[Brief descriptive captions]
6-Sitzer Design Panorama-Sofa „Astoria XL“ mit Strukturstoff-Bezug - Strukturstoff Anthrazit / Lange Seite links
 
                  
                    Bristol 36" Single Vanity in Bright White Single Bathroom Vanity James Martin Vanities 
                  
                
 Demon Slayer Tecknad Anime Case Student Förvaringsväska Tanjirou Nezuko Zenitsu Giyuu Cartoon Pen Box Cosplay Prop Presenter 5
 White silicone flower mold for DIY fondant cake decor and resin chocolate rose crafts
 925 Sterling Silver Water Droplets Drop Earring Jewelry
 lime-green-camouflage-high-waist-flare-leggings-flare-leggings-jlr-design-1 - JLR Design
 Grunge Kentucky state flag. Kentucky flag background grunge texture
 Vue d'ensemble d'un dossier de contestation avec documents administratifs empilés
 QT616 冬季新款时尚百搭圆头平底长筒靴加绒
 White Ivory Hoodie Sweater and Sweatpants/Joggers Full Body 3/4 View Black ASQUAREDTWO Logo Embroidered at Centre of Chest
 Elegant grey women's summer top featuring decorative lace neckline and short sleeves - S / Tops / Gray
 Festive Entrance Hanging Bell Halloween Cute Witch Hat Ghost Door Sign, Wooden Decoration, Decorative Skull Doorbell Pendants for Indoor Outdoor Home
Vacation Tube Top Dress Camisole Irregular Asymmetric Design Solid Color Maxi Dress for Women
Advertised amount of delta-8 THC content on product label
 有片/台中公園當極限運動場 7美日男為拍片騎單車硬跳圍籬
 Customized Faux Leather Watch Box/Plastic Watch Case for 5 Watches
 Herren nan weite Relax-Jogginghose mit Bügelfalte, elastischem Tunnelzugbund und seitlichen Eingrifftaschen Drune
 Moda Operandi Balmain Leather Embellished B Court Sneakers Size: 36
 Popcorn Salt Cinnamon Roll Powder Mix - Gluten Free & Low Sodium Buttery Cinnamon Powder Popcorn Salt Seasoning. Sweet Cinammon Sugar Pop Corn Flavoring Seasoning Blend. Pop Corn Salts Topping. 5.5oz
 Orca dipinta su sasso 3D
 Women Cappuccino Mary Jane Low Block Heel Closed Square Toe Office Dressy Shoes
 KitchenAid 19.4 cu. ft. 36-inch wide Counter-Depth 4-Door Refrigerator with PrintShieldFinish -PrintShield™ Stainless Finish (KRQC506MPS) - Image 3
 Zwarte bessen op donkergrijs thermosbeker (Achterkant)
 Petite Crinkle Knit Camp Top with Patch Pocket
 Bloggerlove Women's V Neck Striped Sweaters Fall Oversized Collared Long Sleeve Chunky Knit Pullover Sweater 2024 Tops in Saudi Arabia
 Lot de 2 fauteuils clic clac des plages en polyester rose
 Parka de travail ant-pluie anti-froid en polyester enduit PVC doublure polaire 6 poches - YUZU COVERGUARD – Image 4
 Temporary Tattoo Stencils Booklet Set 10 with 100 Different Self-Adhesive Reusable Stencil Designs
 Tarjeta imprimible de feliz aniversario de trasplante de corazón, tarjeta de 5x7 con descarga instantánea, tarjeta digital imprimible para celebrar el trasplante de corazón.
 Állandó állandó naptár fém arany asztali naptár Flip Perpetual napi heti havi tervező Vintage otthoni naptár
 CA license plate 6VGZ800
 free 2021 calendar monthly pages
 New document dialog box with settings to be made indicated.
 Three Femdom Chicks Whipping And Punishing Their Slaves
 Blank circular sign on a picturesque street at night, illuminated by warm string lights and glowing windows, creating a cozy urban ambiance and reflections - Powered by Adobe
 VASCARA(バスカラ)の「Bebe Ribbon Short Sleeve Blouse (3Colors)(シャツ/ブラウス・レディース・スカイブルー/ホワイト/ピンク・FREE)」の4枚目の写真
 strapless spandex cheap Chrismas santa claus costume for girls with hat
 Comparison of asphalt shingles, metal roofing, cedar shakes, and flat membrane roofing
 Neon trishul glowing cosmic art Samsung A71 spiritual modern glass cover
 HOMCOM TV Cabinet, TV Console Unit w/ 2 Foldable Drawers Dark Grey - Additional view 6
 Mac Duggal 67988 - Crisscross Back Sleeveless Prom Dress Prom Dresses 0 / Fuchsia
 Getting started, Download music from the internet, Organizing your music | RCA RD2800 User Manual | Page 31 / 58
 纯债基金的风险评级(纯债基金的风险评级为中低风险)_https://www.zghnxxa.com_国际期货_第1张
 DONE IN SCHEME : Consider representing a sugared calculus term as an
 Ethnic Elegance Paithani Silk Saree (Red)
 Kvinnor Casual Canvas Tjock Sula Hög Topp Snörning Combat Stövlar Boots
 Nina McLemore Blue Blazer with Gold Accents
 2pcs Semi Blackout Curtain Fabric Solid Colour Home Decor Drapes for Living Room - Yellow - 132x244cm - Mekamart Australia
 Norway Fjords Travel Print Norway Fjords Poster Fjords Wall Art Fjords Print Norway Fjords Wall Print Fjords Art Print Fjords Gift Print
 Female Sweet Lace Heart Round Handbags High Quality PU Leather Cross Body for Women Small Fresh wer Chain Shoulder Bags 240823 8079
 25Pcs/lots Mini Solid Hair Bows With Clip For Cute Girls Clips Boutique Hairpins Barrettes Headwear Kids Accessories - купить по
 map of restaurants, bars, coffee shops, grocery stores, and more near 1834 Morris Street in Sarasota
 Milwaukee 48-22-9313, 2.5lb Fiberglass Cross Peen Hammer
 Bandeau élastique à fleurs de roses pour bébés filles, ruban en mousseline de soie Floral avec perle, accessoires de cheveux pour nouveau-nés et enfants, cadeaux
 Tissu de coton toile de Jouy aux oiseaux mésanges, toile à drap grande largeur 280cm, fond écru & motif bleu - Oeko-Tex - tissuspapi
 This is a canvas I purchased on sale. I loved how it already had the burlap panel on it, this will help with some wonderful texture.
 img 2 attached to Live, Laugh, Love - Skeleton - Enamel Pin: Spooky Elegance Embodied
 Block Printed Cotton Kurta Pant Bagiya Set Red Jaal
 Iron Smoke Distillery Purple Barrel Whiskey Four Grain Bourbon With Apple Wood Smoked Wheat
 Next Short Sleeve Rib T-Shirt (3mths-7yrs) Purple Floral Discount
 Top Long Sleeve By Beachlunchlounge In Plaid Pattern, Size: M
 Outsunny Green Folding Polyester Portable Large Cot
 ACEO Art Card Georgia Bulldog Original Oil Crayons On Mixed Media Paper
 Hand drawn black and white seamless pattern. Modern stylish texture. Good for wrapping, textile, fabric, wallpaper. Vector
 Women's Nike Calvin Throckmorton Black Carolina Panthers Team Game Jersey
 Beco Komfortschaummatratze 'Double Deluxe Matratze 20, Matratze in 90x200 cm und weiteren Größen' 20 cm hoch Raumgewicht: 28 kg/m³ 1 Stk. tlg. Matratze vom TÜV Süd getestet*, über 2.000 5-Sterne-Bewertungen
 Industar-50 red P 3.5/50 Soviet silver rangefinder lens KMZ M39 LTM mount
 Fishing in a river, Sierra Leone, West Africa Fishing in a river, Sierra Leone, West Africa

Your objective. In the entries above, how many lines contain the string "Block"? Say only the number.

Solution for this exercise. 2